The static storage fits that use case as well, although care must be taken to avoid concurrency issues. Perhaps, a thread-specific static storage would be an even better alternative.
Yes, thread_local certainly seems in order... Although I am under impression that POSIX signals are delivered to only one thread and, when that happens, the other threads are stopped. If so, then no need for thread_local... But I am admittedly hazy on handling signals in MT environment.
On 12/22/16 23:06, Vladimir Batov wrote:
On 12/22/2016 10:21 AM, Andrey Semashev wrote:
The idea is that the stack-based allocator is used in a signal handler. The stacktrace created in that context cannot escape the signal handler and can be used e.g. to save the backtrace to a file.

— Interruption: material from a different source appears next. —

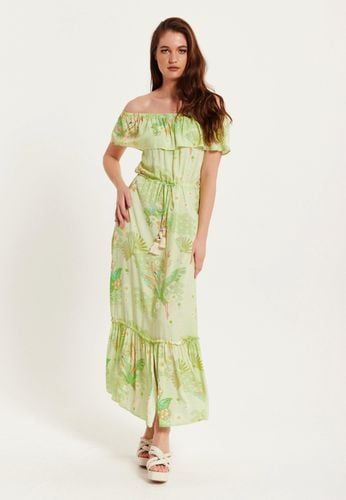 Womens Floral and Bird Print Off Shoulder Maxi Dress in Sage - 10 - Liquorish - Modalova
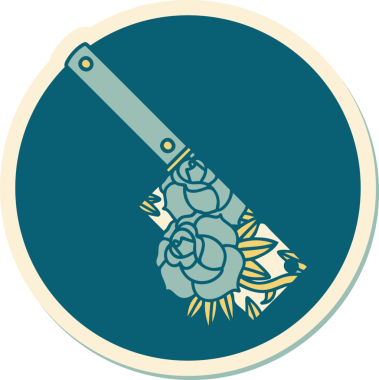 Geleneksel satır stili dövme çıkartması ve bir insan tarafından çizilmiş çiçekler.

I hate to sound like a broken record but every time I read "to a file" I get concerned as it does not seem to fit our deployment case. Airline scheduling and disruption management. There are people on call 24/7 to address the situations when our s/w crashes. The operators have no issues/difficulties with the logs and, in fact, they send us those automatically without asking. It is really a stretch expecting them to find, handle, copy files or to run an extra application. Probably doable but I am not convinced. So, retrieving such a file from their secured system will be a royal pain. I might have missed that but dumping the textual stack-trace to the log is still on the cards, right?
Having a decoded stacktrace as a result of signal would be ideal. But apparently that is not possible without either forking the process and decoding the stacktrace in the child, or dumping undecoded stacktrace to a file so that it can be later processed by another application. The more I think of it, the less Boost.Stacktrace seems suited for the crash handler case. It doesn't load debug symbols, it doesn't allow dumping all threads in the crashed application. Really, I can't see myself wanting to use Boost.Stacktrace instead of gdb to create crash reports. Maybe the library should just focus on the use in general contexts instead of signal handlers. There's too much missing otherwise.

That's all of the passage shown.